Zengame Technology
- Type: Public
- Traded as: SEHK: 2660
- Founded: July 2010
- Key people: Ye Sheng (chairman, CEO)
- Revenue: ▲¥742 million (2020)
- Net income: ▲¥221 million (2020)
- Website: zen-game.com

= Zengame Technology =

Chinese mobile game developer

Zengame Technology (禅游科技 (禪遊科技); ), short for Zengame Technology Holding Limited, generally known as Zengame, is a Shenzhen-based mobile game developer, and operator established in July 2010 by Zeng Liqing. The company focuses on the development and operation of mobile games, as well as operating games developed by third parties. Its categories of games include card games, board games, and other casual games, all of which can be played free of charge.

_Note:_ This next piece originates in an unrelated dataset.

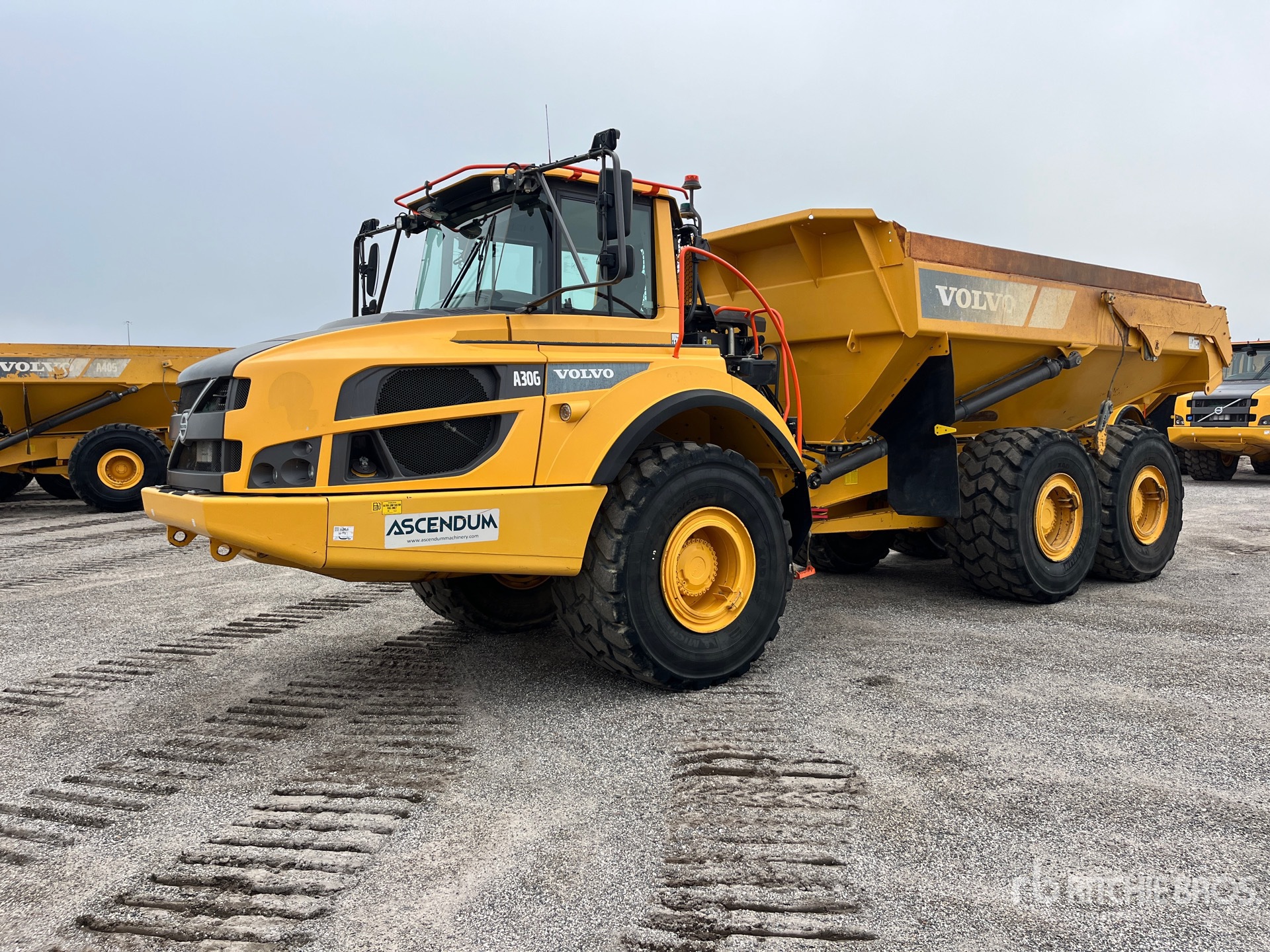 General Appearance with Spin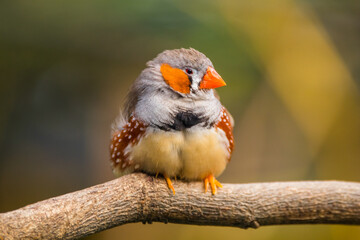 The zebra finches are two species of estrildid finch in the genus Taeniopygia found in Australia and Indonesia.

The main products of Zengame contain Fighting the Landlord, Sichuan Mahjong and Fast Fish Catcher. The firm officially landed on the Hong Kong Stock Exchange on 16 April 2019 under the stock ticker symbol "2660", raising HK$221 million. As of the end of December 2019, it had a total of 720 million registered users and an average of 48.538 million active users per month.

==History==
Zengame was founded in July 2010, and it once received an equity participation from 37Games. In 2017, its monthly active users (MAUs) for board and card games clocked 21.6 million.

In May 2018, the company launched an in-game information service. As of December 31, the cumulative number of registered users under the games of Zengame reached approximately 443 million.

On 16 April 2019, Zengame was listed on the HKSE, with Guotai Junan as its sole sponsor. In H2 2019, it started to develop overseas operations.